-- ACTION ITEM --
Your answer must be an exact transcription of the lines from the line with "this 640×480 image." through the final line of the data.

-- RECORDS SHOWN --
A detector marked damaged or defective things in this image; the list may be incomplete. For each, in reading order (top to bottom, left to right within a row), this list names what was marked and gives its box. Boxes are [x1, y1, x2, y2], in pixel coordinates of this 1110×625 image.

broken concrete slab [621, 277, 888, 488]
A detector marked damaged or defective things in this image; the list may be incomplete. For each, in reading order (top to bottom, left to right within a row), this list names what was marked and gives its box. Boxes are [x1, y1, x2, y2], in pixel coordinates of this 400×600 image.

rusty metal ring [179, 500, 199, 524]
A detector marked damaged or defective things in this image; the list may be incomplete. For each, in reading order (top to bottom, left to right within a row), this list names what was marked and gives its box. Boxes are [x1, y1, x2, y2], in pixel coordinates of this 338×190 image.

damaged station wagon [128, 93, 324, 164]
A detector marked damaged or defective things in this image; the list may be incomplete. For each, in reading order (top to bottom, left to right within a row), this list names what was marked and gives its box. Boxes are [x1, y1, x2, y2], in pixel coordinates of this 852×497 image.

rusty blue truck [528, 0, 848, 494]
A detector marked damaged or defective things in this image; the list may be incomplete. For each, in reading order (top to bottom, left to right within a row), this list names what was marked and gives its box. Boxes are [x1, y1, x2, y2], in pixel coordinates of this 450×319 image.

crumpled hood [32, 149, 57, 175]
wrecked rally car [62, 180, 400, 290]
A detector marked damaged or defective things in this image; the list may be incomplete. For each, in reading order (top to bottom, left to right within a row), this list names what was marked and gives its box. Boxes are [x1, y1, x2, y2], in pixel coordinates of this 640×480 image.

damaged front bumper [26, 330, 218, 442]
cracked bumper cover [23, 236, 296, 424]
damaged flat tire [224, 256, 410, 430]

-- RESPONSE TO THIS EXERCISE --
A detector marked damaged or defective things in this image; the list may be incomplete. For each, in reading order (top to bottom, left to right within a row), this list names what was marked and gives its box. Boxes are [x1, y1, x2, y2], in pixel coordinates of this 640×480 image.

damaged front bumper [26, 330, 218, 442]
cracked bumper cover [23, 236, 296, 424]
damaged flat tire [224, 256, 410, 430]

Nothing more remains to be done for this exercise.